Thursday 27th September
ITV
20.30 The Corrie Years
Kids on Corrie haven’t always been the most vibrant of characters, most notoriously Tracy Barlow forever clomping upstairs to listen to tapes, though Steve McDonald arrived just after growing out of short trousers and is now the best character in it. We don’t suppose this will mention the time during the actor’s strike in 1961 when they weren’t able to hire any members of Equity for six months so started to use children to appear as postmen and policemen, because they weren’t covered, but soon stopped when they decided that, whatever point it was proving, it looked bloody stupid.
BBC4
19.30, 02.15 Top of the Pops
Last time round we didn’t just get the unofficial seventh member of Legs and Co with the umpteenth return of Floyd, but also the eighth with Kid strutting his stuff to I Feel Love. Or signing for the deaf, hard to tell. Noel would never do anything so vulgar though he does get to introduce Eddie and The Hot Rods again, playing one of the best rhtyhm’n'rock records around. Which isn’t much of a complement, as we can’t think of any others.
CBBC
17.45 Blue Peter
There was a round on Blue Peter on Pointless the other day and when one of the contestants said he’d never watched it we were desperate for him to lose, which he promptly did. Hooray. Freda the Frog, for heaven’s sake. Here last week Helen went behind the scenes of Dragon’s Den, convenient as it’s filmed down the corridor, though we’re not sure about that as it’s a post-watershed show, with no pre-watershed repeats.
Friday 28th September
BBC2
20.00 Mastermind
A pleasing bit of One BBC, albeit probably unconscious, tonight, as somebody here is answering questions on The Lovable One of The Wackers. Bear that in mind. If you remember which one that is in our unintelligible Wackers naming system based on a joke from several years ago, natch.
BBC4
20.30 Sounds of the Seventies
When 6 Music take a break from playing Superfreak by Rick James – why do they play that song so much, it gets at least one airing a week – they do play a lot of reggae, and much of it we’d grown up with, not because we grew up in Kingston or anything but because our parents had The Wonderful World of Reggae on the Music for Pleasure label, which promised twelve great tracks for only 14/6. And they were great tracks too, making it surely the best 72 1/2p our parents ever spent. That’s about a day’s licence fee, we think, so this reggae-tinged episode offers the same value.
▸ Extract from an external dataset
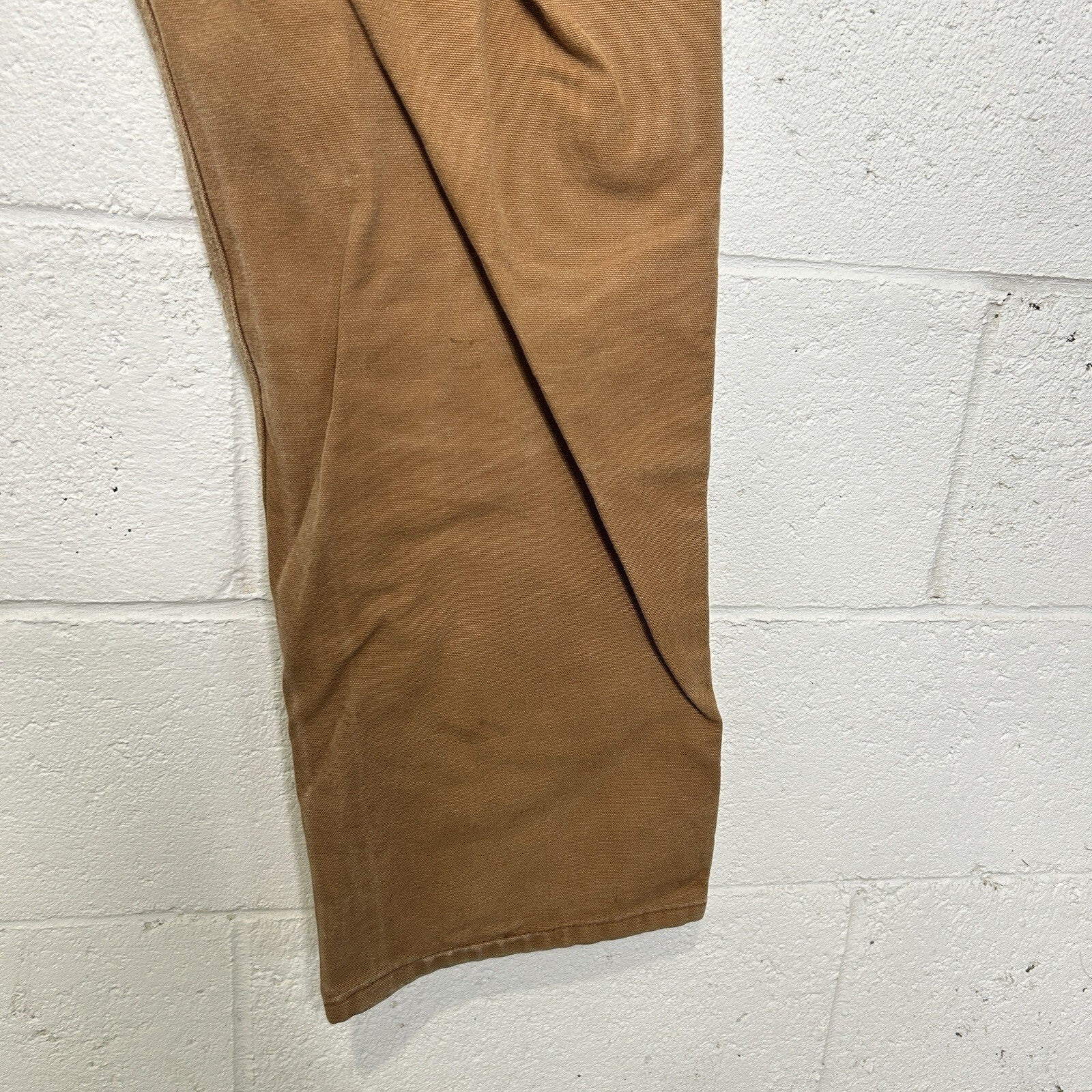 Vintage Carhartt DoubleKnee Logger Pants “Brown” 62W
21.00 George Harrison – Living In The Material World
00.30 Sings The Beatles
Just to make it clear, then, Paul is The Bonny One, Ringo is The Shaggy One, George is The Lovable One and John is The Aggressive Lovable One. That’s how the Sunday Mirror remembered them in 1965, and that’s how we remember them. You’ve got to have a system. You’ve probably seen these, but here they are again.
CBBC
17.00 12 Again
We must apologise that this started a new series two weeks ago and we completely failed to notice. It’s the show where celebrities talked about what they liked to watch and listen to when they were kids, and it’s great to hear CBBC have to explain it all, and do try and catch the episode of Friday 21st as John Humphrys is on it, we think the oldest participant they’ve ever had and someone who should be on kids’ telly more. Susanna Reid’s on this one.